Ruprecht PolenzImage: ZB - Fotoreport

Polenz said the international community was expecting a sign of good will from Tehran to promote a speedy solution to the conflict and save the country from any potential sanctions in case it kept reacting so stubbornly.

Talking to the media back home in Berlin, Polenz acknowledged that his delegation's talks cut little ice with Iranian leaders, who like to see themselves engaged in a fight between themselves and the United States and other western nations.
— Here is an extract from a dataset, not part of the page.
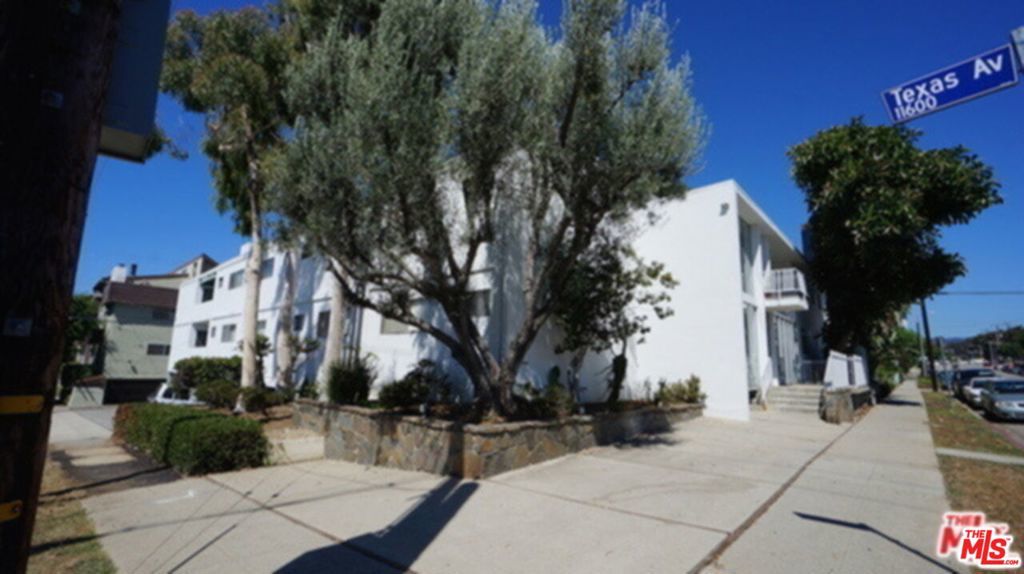 Photo of Listing #24413761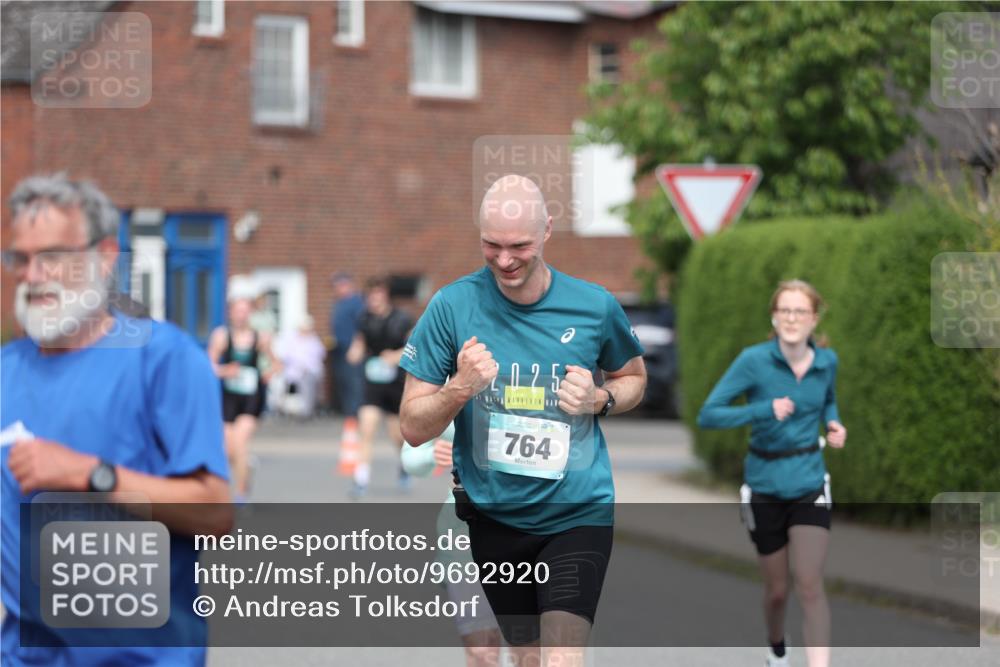 10.05.2026 - 8. Wedeler Halbmarathon Andreas Tolksdorf http://msf.ph/oto/9692920 10.05.2026 10:17:31 Laufen 20253, 202, 764 meine-sportfotos.de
The German MPs were told that history had shown that westerners were unreliable and unpredictable and had no real understanding of Iran's own security interests in a region full of tension. Polenz said it was important for the UN Security Council to keep demonstrating unity. He urged a "softer" resolution on Iran which would again have the backing of China and Russia too, saying that this meant a resolution not involving any sanctions yet.

Iranian media reports said Tehran had encouraged Germany to play a greater mediating role in the conflict, but Polenz said in Berlin that Germany wasn't in a position to do so.

"We are with the world, we are side by side with the US, Britain, France, China, India, Russia and all the others," he said. "Together we are trying to convince the Iranians to correct their nuclear program and give up their enrichment activities. What we can do, with regard to bilateral agreements, is convince Iran to change its policy."

Anti-Americanism

Iranian President Mahmoud AhmadinejadImage: AP

Green party parliamentarian Marie-Luise Beck, who accompanied Polenz to Iran, was shocked about the level of anti-Americanism and said it was all the more important for the US administration to seek direct dialogue with Iranian leaders on a settlement of the conflict.

Coming back from Tehran, she said she'd realized that the task ahead of the Security Council was a daunting one.

"I had not realized how fixed this impression is that the US is against this country," she said. And if they give you this feeling, even if they're wrong in a rational sense, you have to take that feeling seriously."

Security concerns

Iranian leaders have meanwhile voiced concern that there might be plots to attack their national football side during the World Cup in Germany, starting in June. They feel threatened by the best-known Iranian resistance group, the People's Mujaheddin, who are on the EU's list of terrorist organizations.

Security problems are also expected in connection with a possible visit of the Iranian president to Germany during the world cup.

But Bavaria's interior minister, Günter Beckstein, has already signaled that Mahmud Ahmadinedshad would not be welcome here after repeatedly denying the Holocaust and calling for Israel to be wiped off the map.